Required work | Write out nothing except the lines of the entries below, from the first through the one containing "HARROGATEハロゲイト", exactly and without pictures.

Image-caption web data

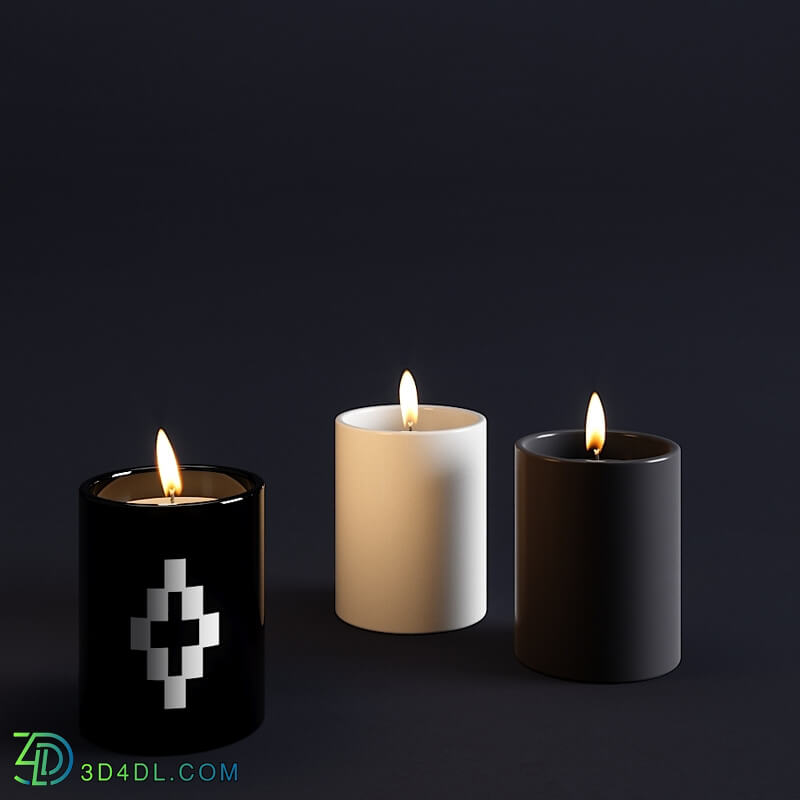 CGMood Ceramic Candles For Burlon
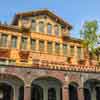 Mission Inn exterior in Riverside California, March 2012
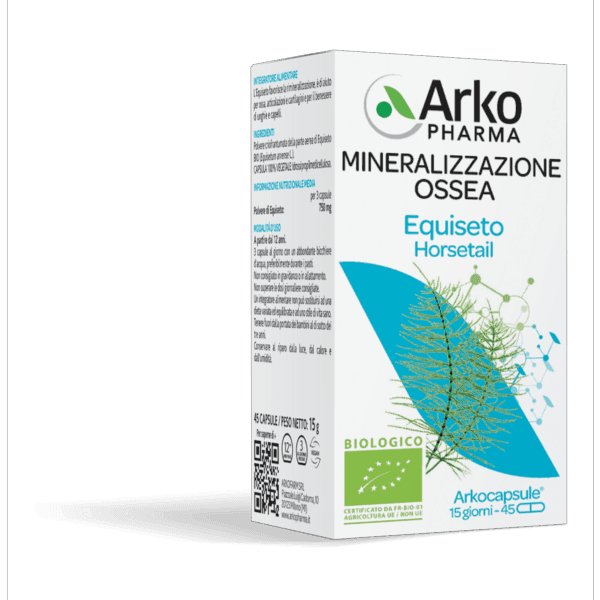 Arkocapsule Equiseto Integratore per Ossa ed Articolazioni 45 Capsule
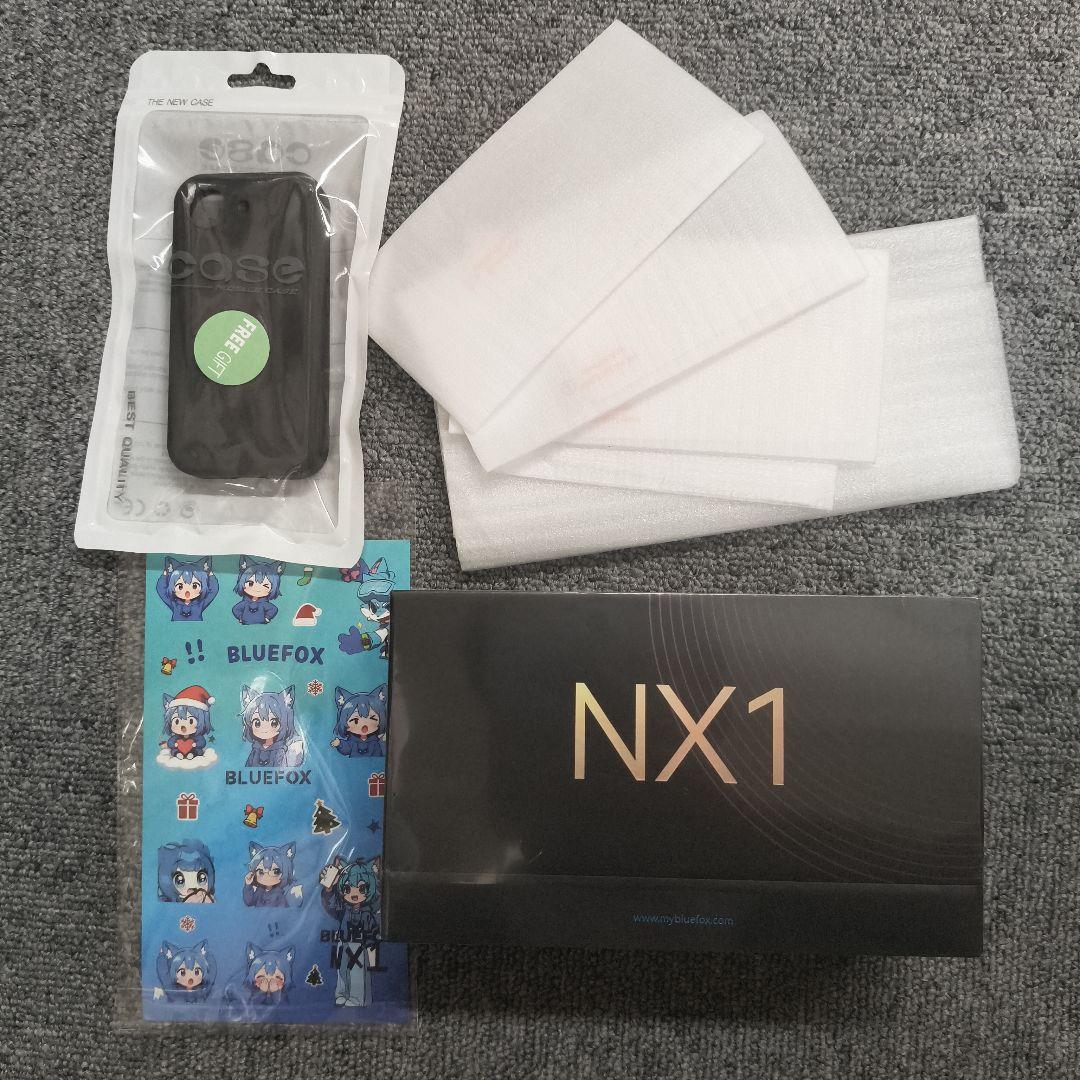 k*e様 新品未開封BLUEFOX NX1 RAM 8GB ROM 128GB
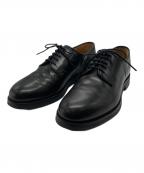 HARROGATEハロゲイト）の古着「HOLBORN プレーントゥシューズ」｜ブラック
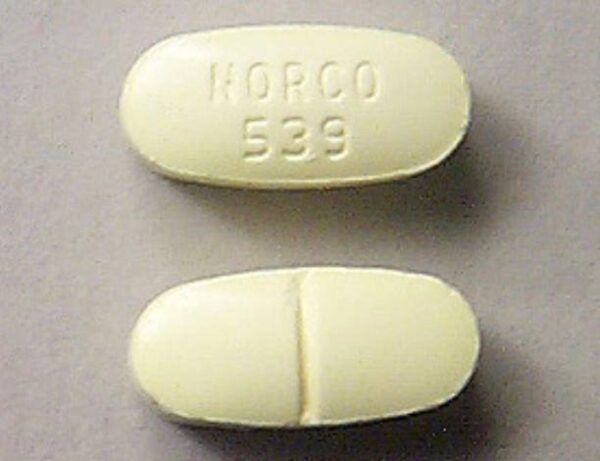 Norco 325 mg / 10 mg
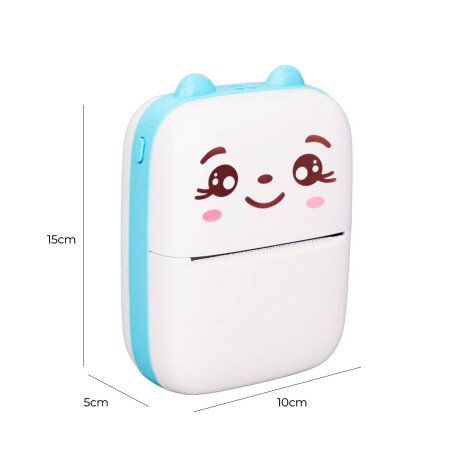 Mini Impresora Térmica Portátil USB + 13 Rollos Fotos Mini Impresora Térmica Portátil USB + 13 Rollos Fotos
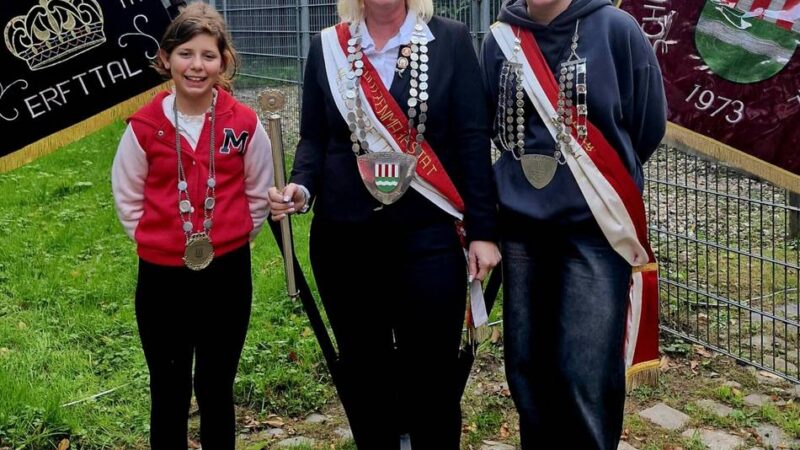 Veranstaltung des BSV Neuss-Erfttal: Frauen setzen sich bei Regimentsschießen durch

Response to this exercise |
 CGMood Ceramic Candles For Burlon
 Mission Inn exterior in Riverside California, March 2012
 Arkocapsule Equiseto Integratore per Ossa ed Articolazioni 45 Capsule
 k*e様 新品未開封BLUEFOX NX1 RAM 8GB ROM 128GB
 HARROGATEハロゲイト）の古着「HOLBORN プレーントゥシューズ」｜ブラック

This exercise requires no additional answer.